Abstract

To secure his party's nomination in 1896, William McKinley courted Black Republicans. George Henry White, a Black attorney elected to Congress from North Carolina that same year, was an ardent McKinley supporter. Benjamin R. Justesen, the author of a 2001 biography of White, documents the fitful political partnership between McKinley and the congressman. Justesen argues, first, that biographers of McKinley have minimized his commitment to African American political equality; and second, that White and McKinley orchestrated the largest number of Black appointments to federal positions of any president. (Despite civil service reforms a decade earlier, both parties still expected their presidents to reward loyalists.) Justesen argues that “McKinley's role as a sincere friend and benefactor of African Americans may be among the best-kept secrets of American political history” (p. 2). White came to office at a precarious moment for Black rights. Raised on his free family's turpentine farm, he earned a law degree at Howard University and served in the North Carolina legislature before running for Congress. An erudite speaker, he stumped for McKinley during the 1896 campaign. Yet the importance of Black votes to Republican candidates was waning.
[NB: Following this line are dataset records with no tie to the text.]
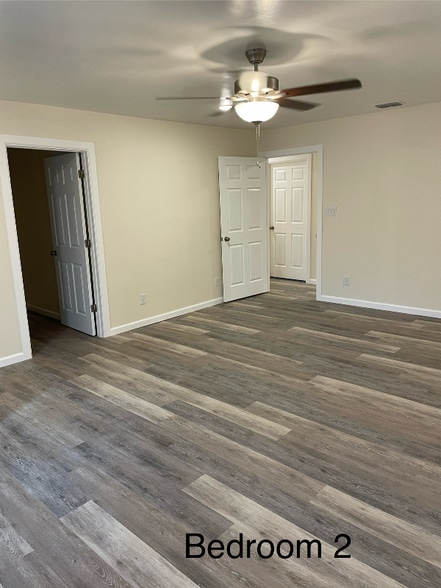 Building Photo - 91 Cottonwood Dr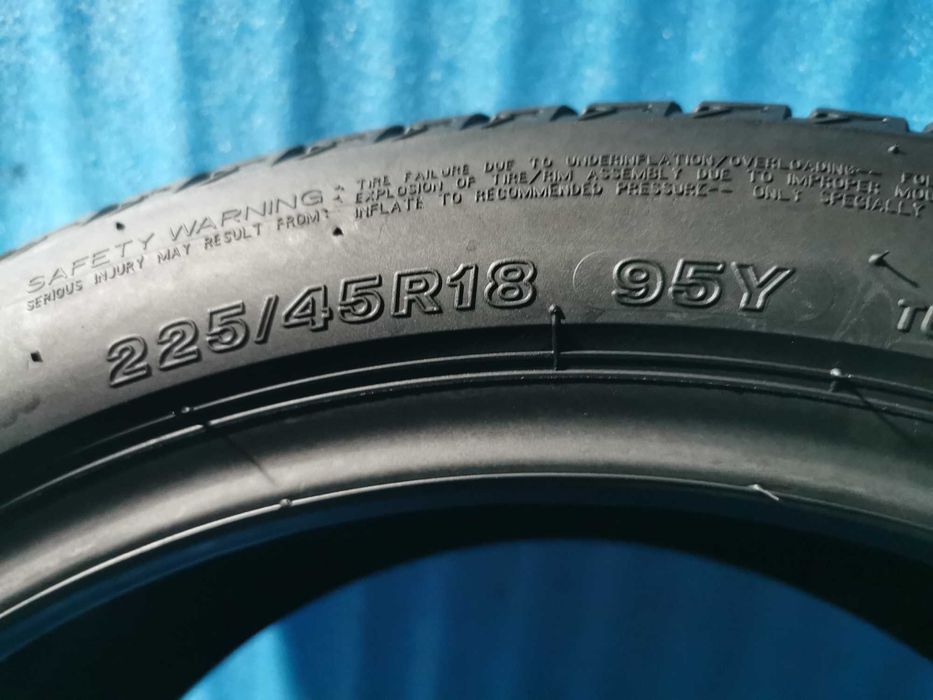 235/45 R17 michelin o bucata 225/45 R18 bridgestone o bucata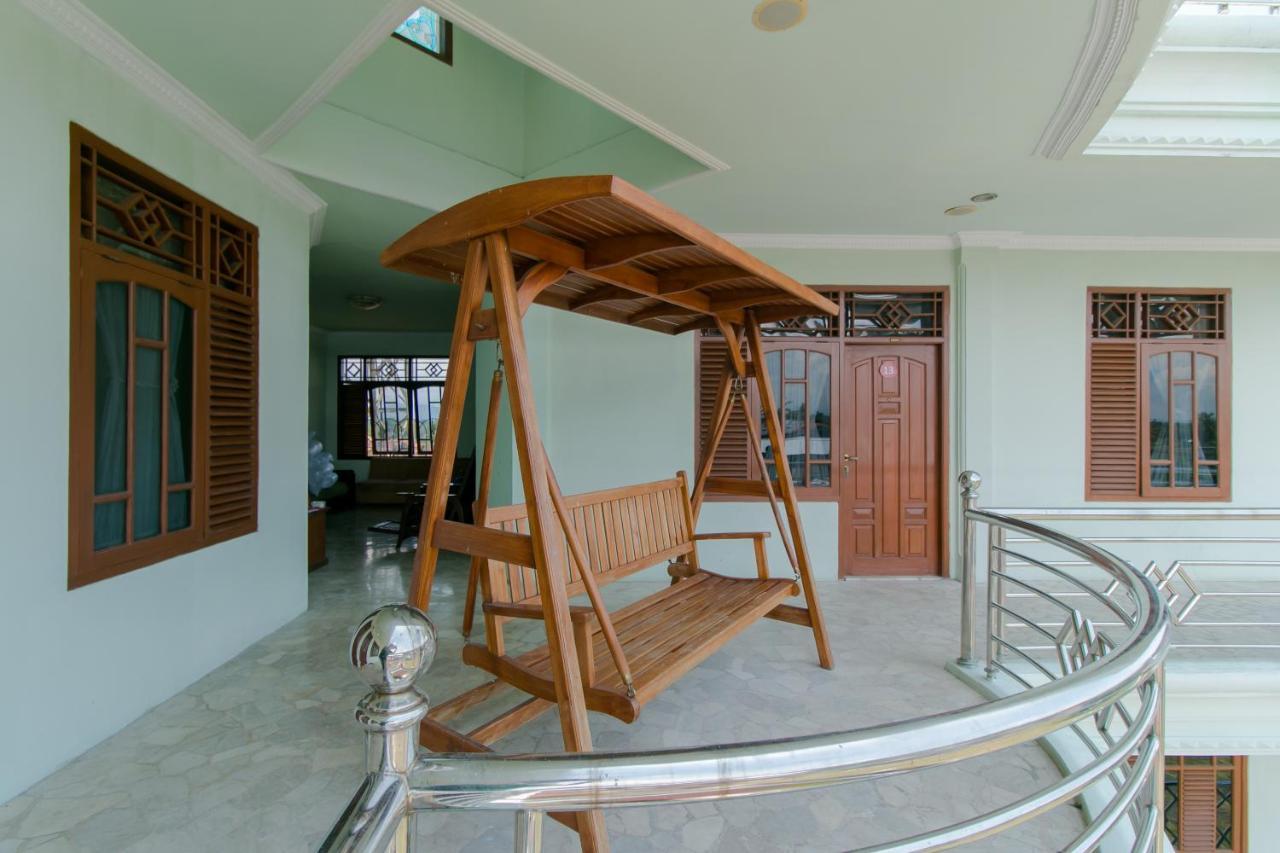 Oyo 2858 Vafa Guesthouse Cianjur Exteriér fotografie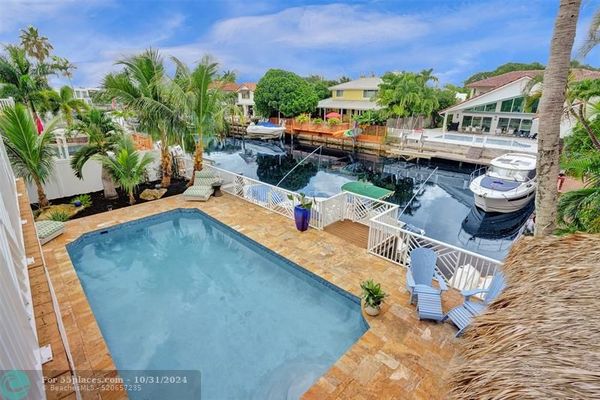 Estoville - Boca Raton, FL Homes for Sale & Real Estate | neighborhoods.com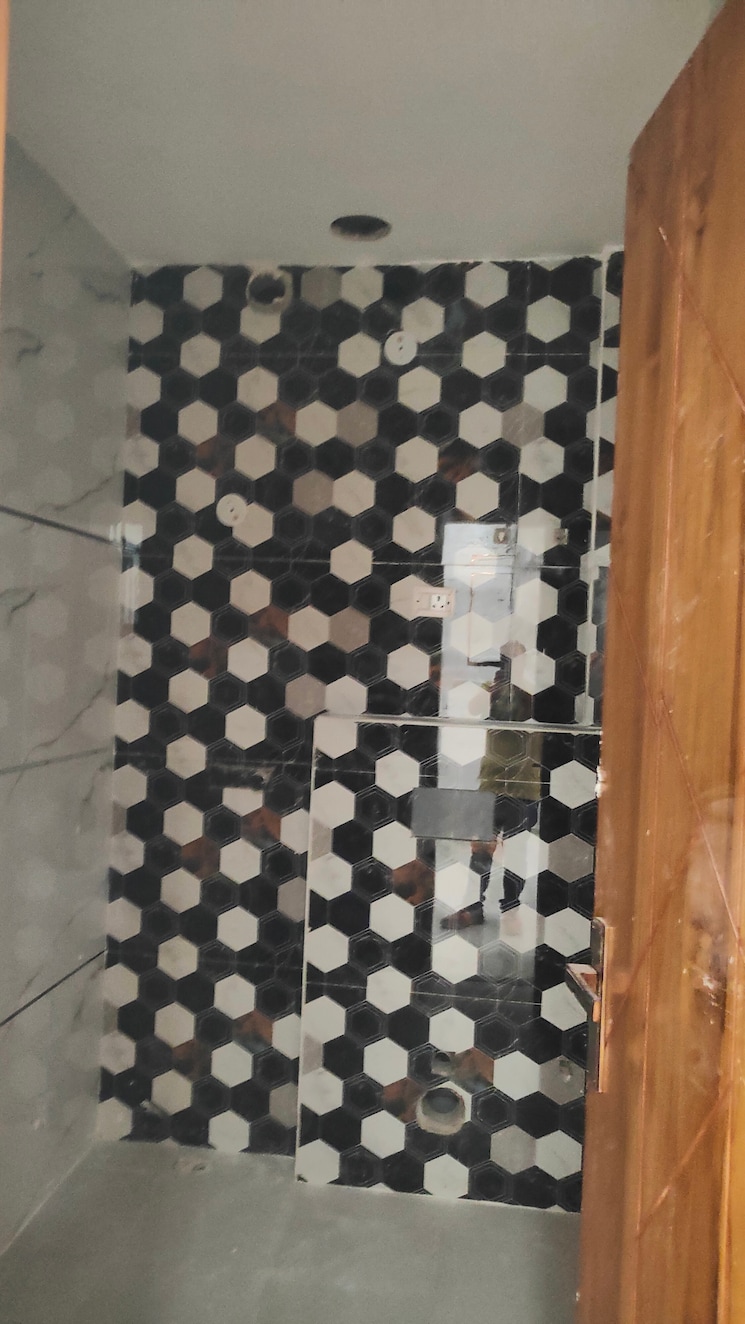 Bathroom, fidato-honour-homes 3 Bedroom 1600 Sq.Ft. Builder Floor In Sector 89 Faridabad 8812256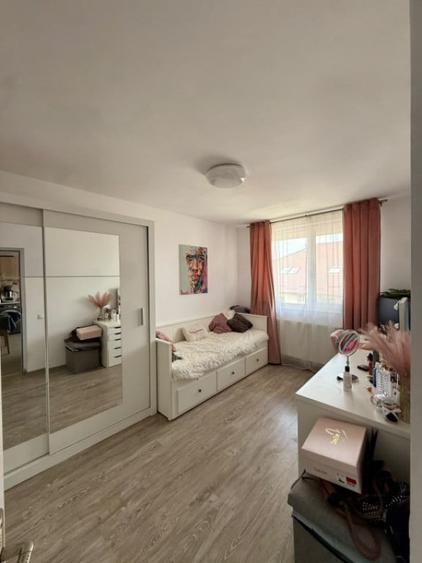 Apartament cu 3 camere decomandat în Florești — fotografia 1
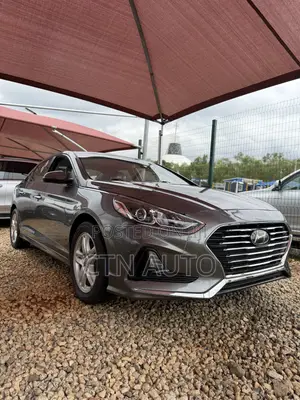 Hyundai Sonata SE 2018 Gray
Southern states were flagrantly stripping African Americans of the franchise. During White's first term, white supremacists carried out a violent coup in Wilmington, North Carolina, to oust Black officeholders. In 1900 the state's voters approved an amendment to the state constitution to disfranchise Black residents. White used his prominence in Congress to implore his fellow Republicans to stop this violation of the Fifteenth Amendment.